In this very difficult context even the stronger EU economy, Germany, could face severe downturns: the economic performance of Germany during the last years was mainly driven by the huge demand for investments and machineries in emerging countries, primarily China and Russia. Now, the Ukraine crisis, the general reduction of growth rates in the BRIC countries, and the enduring consumption slump in several EU countries are a threat to a German prosperity which is over-reliant on exports.

We will see if this scenario and a rise in the unemployment rate from the current level of 4.9% (exceptionally low for a European country) will change the German attitude towards fiscal austerity. In particular it will test the compromise between Chancellor Merkel’s CDU and the allies of the SPD in the Grosse Koalition. The terms of a deal could be that, while imposing a strict fiscal discipline in the European context, thanks to the low interest on public debt and a moderate but steady growth, more resources will be pumped into the already generous welfare state, introducing for the first time a minimum wage and decreasing the retirement age.

The German economic slowdown could also heavily affect its eastern neighbors: Poland, Hungary and Czech Republic’s good performance in the last decade was strictly correlated with their integration with German manufacturing that has outsourced increasing portions of labor-intensive productions there.
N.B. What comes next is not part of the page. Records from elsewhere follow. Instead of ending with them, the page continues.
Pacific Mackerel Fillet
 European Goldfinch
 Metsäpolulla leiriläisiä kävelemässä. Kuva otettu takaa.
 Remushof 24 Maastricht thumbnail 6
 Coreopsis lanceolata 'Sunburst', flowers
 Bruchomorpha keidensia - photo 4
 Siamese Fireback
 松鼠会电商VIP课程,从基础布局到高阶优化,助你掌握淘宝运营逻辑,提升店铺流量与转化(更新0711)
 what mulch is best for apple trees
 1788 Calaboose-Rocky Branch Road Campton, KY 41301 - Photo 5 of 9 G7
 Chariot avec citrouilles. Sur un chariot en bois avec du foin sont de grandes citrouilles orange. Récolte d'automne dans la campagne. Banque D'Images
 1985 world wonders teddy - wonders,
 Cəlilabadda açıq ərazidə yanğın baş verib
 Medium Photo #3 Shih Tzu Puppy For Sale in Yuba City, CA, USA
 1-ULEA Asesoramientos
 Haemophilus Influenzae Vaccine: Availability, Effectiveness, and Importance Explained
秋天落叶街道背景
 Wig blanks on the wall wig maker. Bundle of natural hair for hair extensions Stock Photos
Now these countries face a new challenge: reductions in demand by their main commercial partner and the possible appreciation of their currencies, against the ECB’s relatively expansive monetary policy, could pose a threat to their growing economies.

The prospects for Southern Europe remain dim, although to varying degrees and with national differences: Italy, Spain, Portugal, Greece, Cyprus and now also France are struggling within high unemployment and a steadily increasing public debt – despite the implementation of some structural reforms, especially in the labor market, as indicated by the EU Commission. The long awaited publication of banking stress-tests by the ECB in recent days is revealing: the huge amount of public resources poured in the financial systems of these countries was only sufficient to support half of the 25 European banks that present the highest risk level; 12 of them still have to cover €10 billion in capital shortfall, in order to prevent another potential continental meltdown.

Among the Northern countries, the United Kingdom is the economy with the strongest momentum. After avoiding the inevitable fallout that would have followed a successful Scottish independence referendum, the British economy is back on a solid growth path. This is characterized by the full recovery of the real estate sector and, despite the rhetoric of the Cameron government, by a softened fiscal discipline, coupled with a constant expansionary monetary policy by the Bank of England – whose activism during the entire Great Recession has been at least equal to the FED’s.

Against this backdrop, the growing conflict between national governments and the European Commission, in its transition from Barroso’s leadership to Juncker’s, is a signal of the urgent need for new instruments to solve the European economic puzzle before nationalisms endanger the whole political Union. It is far from certain that Junker’s investments plan, after winning him the decisive support of the S&D party in the European Parliament, will be enough to pursue such an ambitious agenda.